▶ [Dataset extract]:
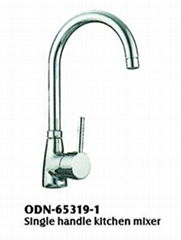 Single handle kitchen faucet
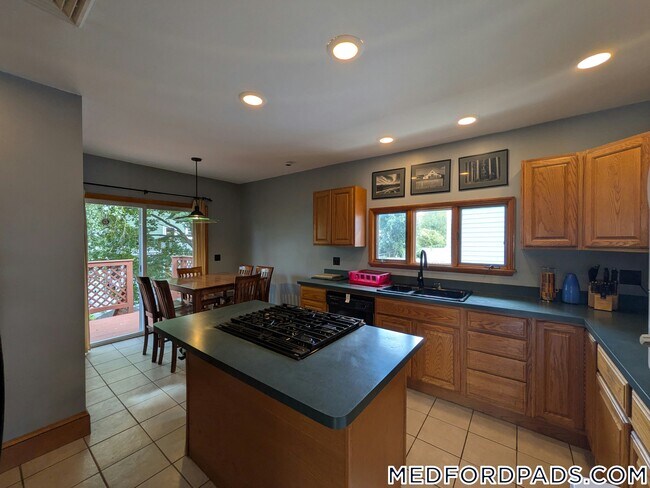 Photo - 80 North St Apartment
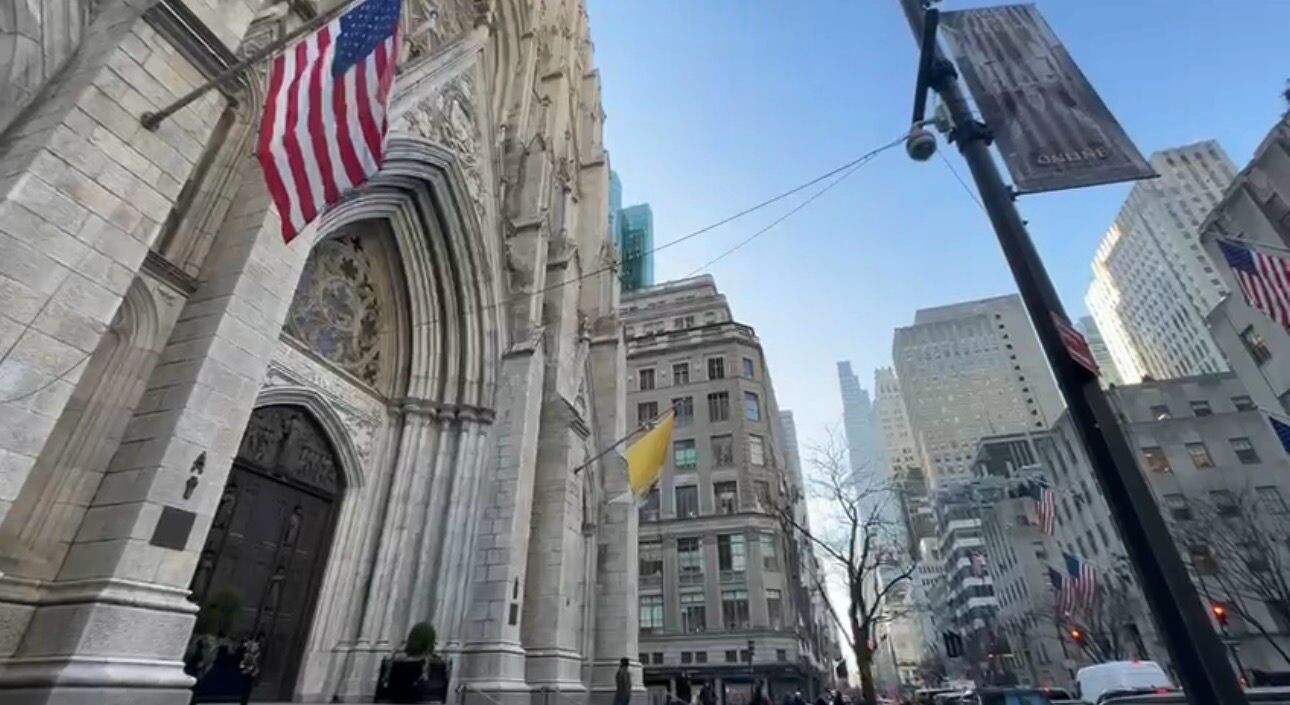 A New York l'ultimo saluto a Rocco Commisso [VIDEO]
...
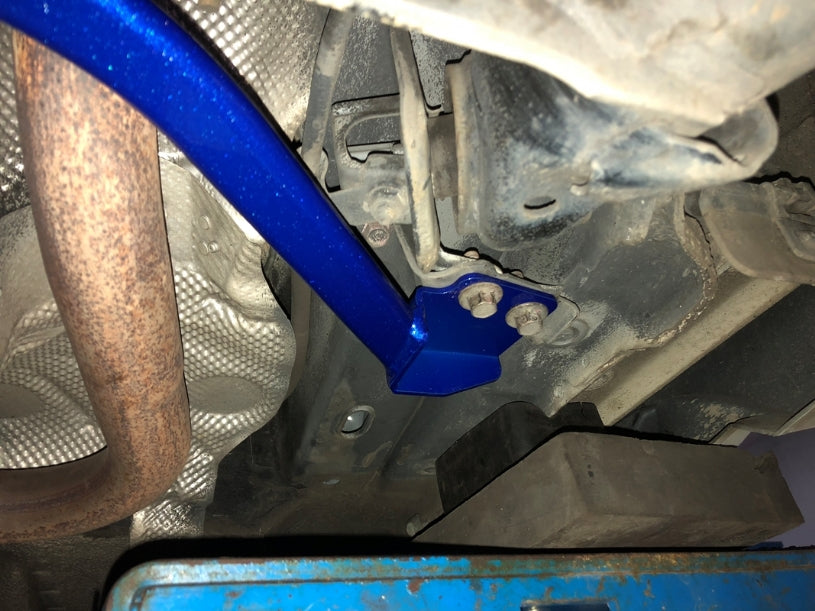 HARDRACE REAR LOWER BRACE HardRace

▶ [What to produce]: Excluding any pictures, print exactly the lines of the listing above from the line with "Single handle kitchen faucet" to the line with "A New York l'ultimo", both ends included.

▶ [Result for this task]:
 Single handle kitchen faucet
 Photo - 80 North St Apartment
 A New York l'ultimo saluto a Rocco Commisso [VIDEO]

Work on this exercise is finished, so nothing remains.